To be a Puritan in the sixteenth and seventeenth century was not a simple, clear-cut thing. There was no formal organization, no political party, not even a church called "Puritan." It was a social movement that was not clearly defined and often underground and revolutionary. In many ways it was a movement aimed at recovering a "lost" way of life-- communal values .
The leaders of the movement almost never used the term "Puritan," in fact it was a word used most often by their critics. Puritanism originated in England in the mid 1500's when a group of religious reformers sought to "purify" the Church of England (aka The Anglican Church) of bishops, church courts, and other remnants of Catholicism.
The English Crown, which under Henry VIII had renounced Catholicism, replaced it with the Anglican Church. The Anglican Church, or the Church of England as it came to be called, retained many aspects of Roman Catholic theology and ceremony.
During Queen Elizabeth's reign (1558-1603), a noticeable trend toward Protestant doctrine and ceremony developed. By the time King James I (1603-1625) came to the throne, some Englishmen were content with the Anglican Church as it was; others hoped to reintroduce much of the ritual and some of the tenets of Catholicism, although they had no desire to return to papal control; and still others took an extreme Protestant position.
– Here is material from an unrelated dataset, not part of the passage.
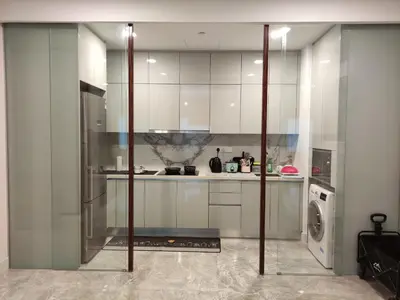 a kitchen with white cabinets and a washing machine at Platinum 2 KLCC By Natol Chain Of Homestays in Kuala Lumpur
The extreme Protestants were called Puritans because they wanted to "purify" the Anglican Church still further. With official Anglican doctrine the Puritans had no quarrel; but they wished to do away with bishops, deans, and all clergy above the rank of parish priests, to abolish set prayers, and to reorganize the Church either by a hierarchy of councils (Presbyterianism), or on the basis of a free federation of independent parishes (Congregationalism).
The Puritans were mostly members of the urban middle class. Engaged in trade and commerce, they resented James' arbitrary and illegal taxation and wanted to secure laws for the protection and expansion of English commercial interests. Puritans all agreed on what was wrong with the Anglican Church, but they disagreed on how to make it right. They all relied on the Bible for guidance and they all extracted different opinions from it about how God wanted his Churches to be run. Consequently by the late 1500s early 1600s Puritanism was divided into three main groups:
- Presbyterians wanted a central authority or a hierarchy of councils and accepted all comers into the faith. They made no distinction between 'visible saints' and inhabitants as the Congregationalists did.
- The Congregationalists were organized into independent parishes with each congregation governing itself (but with a state supported religion) and was made up of only true believers--'visible saints' versus inhabitants. The Congregationalists wanted to purify the Church from within, but later established the colony of Massachusetts Bay, for religious reasons, as internal improvements were found to be impossible in the Old World.
- The Separatists, the most radical group, felt the Church could not be purified from within and to support such a corrupt institution was like shaking hands with the devil; thus, they wanted to separate and form their own church. The Separatists also felt that each congregation had the right to completely govern itself and thus rejected the idea of a state imposed religion--separation of church and state.
The two leading religious sects in England were Presbyterian and Congregationalist, and the Separatists both took much of their theological beliefs from John Calvin. Although the Separatists were the smallest group within the Puritan movement, they were considered the most dangerous by the Crown because they were the most radical.